--- WHAT TO DO ---
Make an exact copy of the listing below. Pictures stay out of it.

--- DATASET CONTENT ---
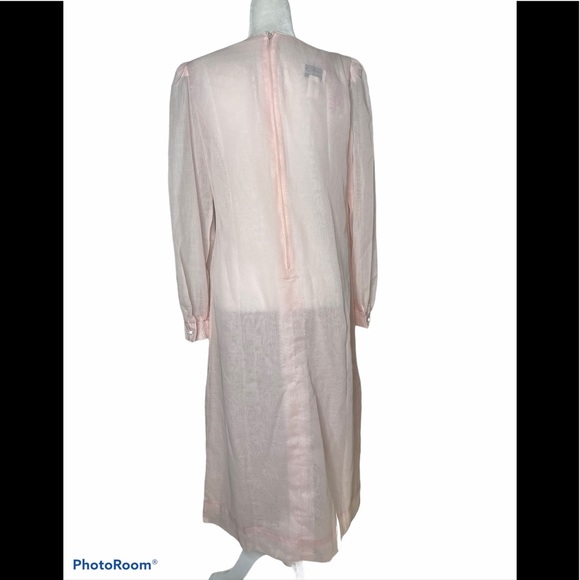 Vtg.. 70’s Henry Lee Sheer Pink Shift Dress sz. 12 - Picture 7 of 7
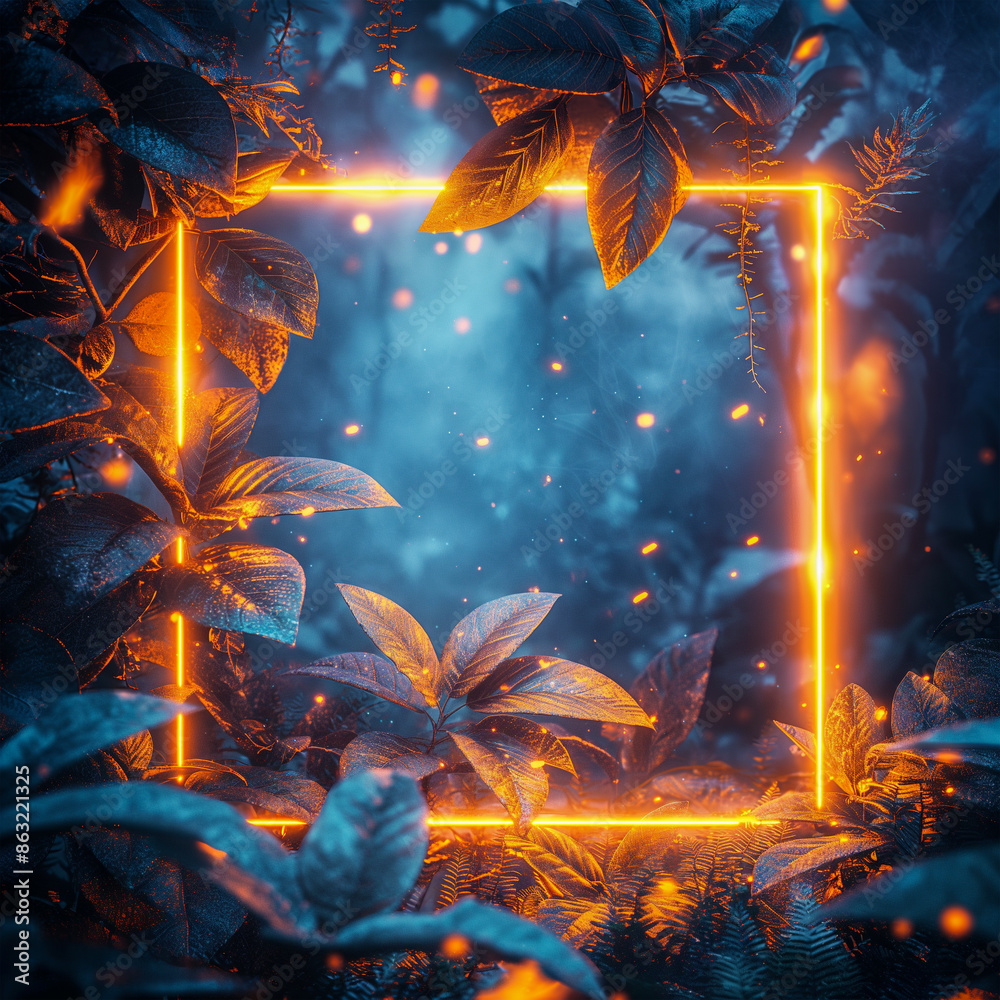 Fototapeta premium Neon Botanical Wall Art with Tropical Plants and Glowing Frame - Modern Home Decor 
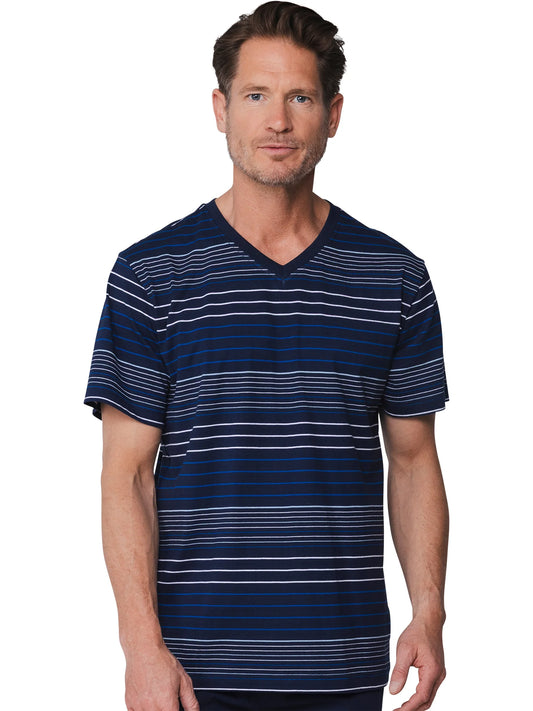 Pastunette Heren shortama shirt korte mouw - 142199-504-2 - Donker Blauw gestreept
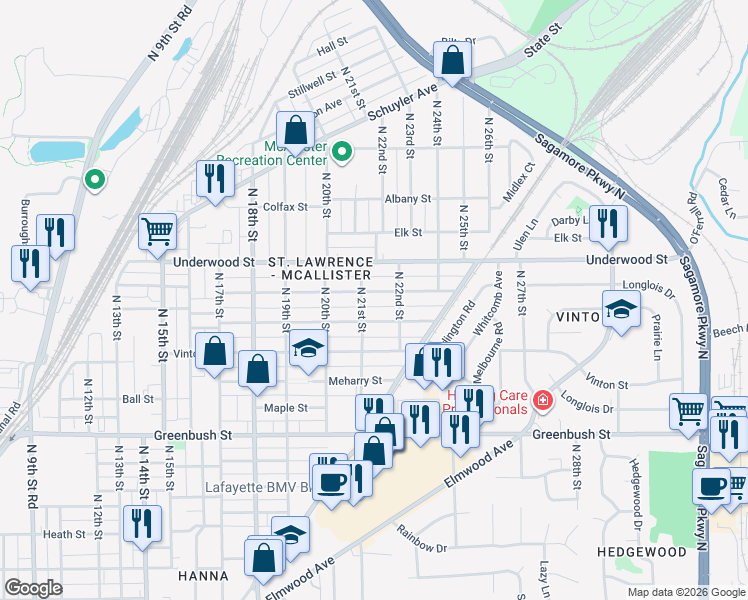 map of restaurants, bars, coffee shops, grocery stores, and more near 2108 Charles St in Lafayette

--- WRITTEN REPLY ---
 Vtg.. 70’s Henry Lee Sheer Pink Shift Dress sz. 12 - Picture 7 of 7
 Fototapeta premium Neon Botanical Wall Art with Tropical Plants and Glowing Frame - Modern Home Decor 
 Pastunette Heren shortama shirt korte mouw - 142199-504-2 - Donker Blauw gestreept
 map of restaurants, bars, coffee shops, grocery stores, and more near 2108 Charles St in Lafayette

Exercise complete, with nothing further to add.